Соответственно и выбор средств, способов и методов достижения поставленных политических целей остается за правящей элитой страны в рамках избранной стратегии. На этот выбор, естественно, влияет наличие тех или иных ресурсов и определенные условия их применения – прежде всего состояние МО и ВПО, – но, прежде всего на этот выбор влияют представления правящей элиты об эффективности использования тех или иных средств. Естественно, что чем шире спектр таких средств и способов их использования, тем больше  выбор у правящей элиты и тем эффективнее ее стратегия (при том понимании, что выбор этих средств обоснован).
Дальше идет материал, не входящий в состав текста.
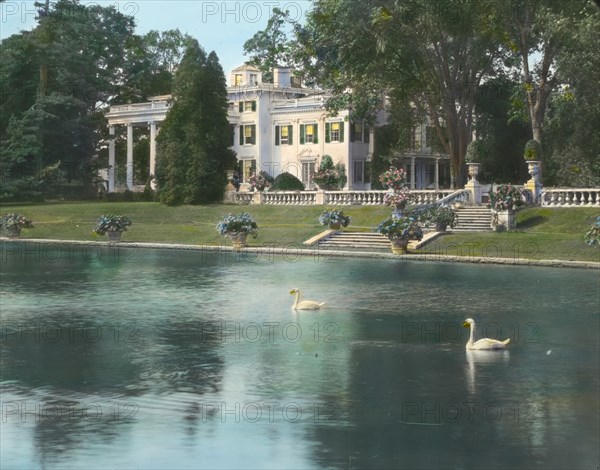 Thornedale, Oakleigh Thorne house, Millbrook, New York, 1919. Creator: Frances Benjamin Johnston.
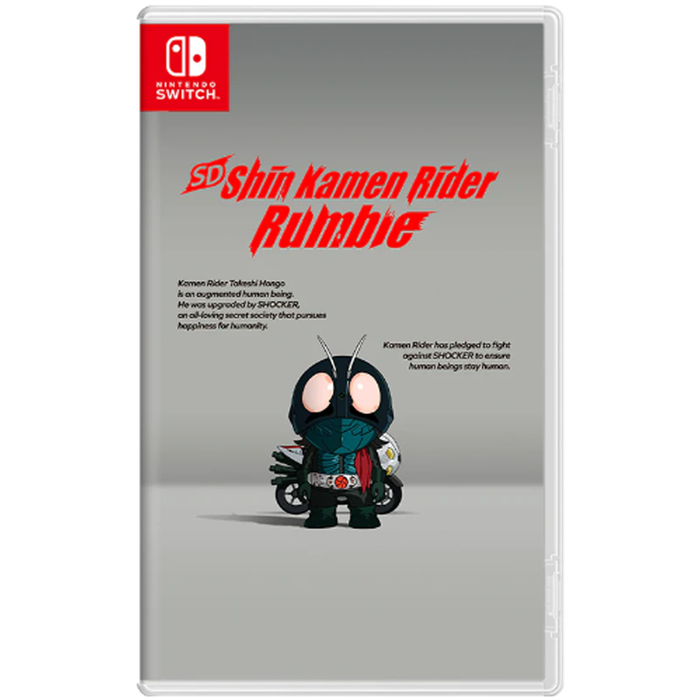 Nintendo Switch SD Shin Kamen Rider Rumble (ASIA)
Анализ и выбор, даже формирование отношения к средствам политики является преимущественно иррациональным, субъективным фактором. В качестве примера можно привести оценки «мягкой силы», сделанные автором этого термина.

Некоторые соображения относительно измерения «мягкой силы» – наряду с другими ее характеристиками – были предложены Наем в формате вопросов и ответов в 2006 г. Ниже наиболее существенные из них сведены в Таблицу.[1]

Дж. Най о характеристиках «мягкой силы» и проблемах ее измерения.

Обсуждаемые
тезисы

Ответы
Ная

Комментарии
(Ная и автора настоящей записки)

«Мягкая сила» – это культурная сила.

Отчасти.

Най называет три источника «мягкой силы» страны: ее культуру (для тех мест, где ее воспринимают), ее политические ценности (если страна живет в соответствии с ними как у себя дома, так и на международной арене) и ее внешнюю политику (если она рассматривается как легитимная и пользующаяся моральным авторитетом).

Экономическая мощь – это «мягкая сила».

Нет.

«Экономическая мощь может быть конвертирована как в “жесткую”, так и в “мягкую” силу. Можно принуждать экономическими санкциями и можно привлекать изобилием».

«Мягкая сила» более гуманна, чем жесткая.

Не обязательно.

«“Мягкая сила” – это описание, а не этический рецепт. Выкручивать мозги не обязательно лучше, чем выкручивать руки».

«Жесткая» сила легко может быть измерена, тогда как «мягкая» – нет.

Неверно.

«На самом деле измерять источник “мягкой силы” вполне возможно. Например, культурные, коммуникационные и дипломатические ресурсы, продуцирующие “мягкую силу” страны, поддаются измерению. Опросы общественного мнения способны измерять изменения привлекательности страны. С другой стороны, ”жесткую силу” измерять не так просто, как кажется».

Некоторые цели могут быть достигнуты только посредством «жесткой силы».

Вне всякого сомнения.

Най разбирает конкретные примеры, однако хочется привести знаменитую цитату из К. Маркса: «Оружие критики не может заменить критики оружием, материальная сила должна быть опровергнута материальной же силой, но и идеи становятся материальной силой, когда они овладевают массами». Най, собственно, о том же.

Военные ресурсы наделяют только «жесткой силой».

Нет.

Например, по мнению Ная, хорошо управляемые вооруженные силы могут быть источником восхищения и, тем самым, фактором «мягкой», а не «жесткой» силы.

«Мягкую силу» трудно применять.

Отчасти верно.

Можно контролировать публичную дипломатию, иновещание или обменные программы, но вот массовую культуру можно продвигать, но не контролировать, между тем, это один из главных ресурсов «мягкой силы».

Примечание. Построено на основе публикации Nye J.S., Jr. Think Again: Soft Power // Foreign Policy, 2006, February 23.

Автор: А.И. Подберезкин


[1] Паршин П. Проблематика «мягкой силы» во внешней политике России. –М.: МГИМО (У), 2013. – С. 22–23.


[1] См. подробнее:Стратегическое прогнозирование и планирование внешней и оборонной политики: монография: в 2 т. / под ред. А.И. Подберезкина. – М.: МГИМО (У), 2015. – Т. 1. Теоретические основы системы анализа, прогноза и планирования внешней и оборонной политики. 2015. – 796 с. – Т. 2. Прогнозирование сценариев развития международной и военно-политической обстановки на период до 2050 года. 2015. – 722 с.

[2] Путин В.В. Указ Президента Российской Федерации «О Стратегии национальной безопасности Российской Федерации» № 683 от 31 декабря 2015 г.


[1] Медведев Д.А. Указ Президента Российской Федерации «О Стратегии национальной безопасности Российской Федерации до 2020 года» № 537 от 12 мая 2009 г.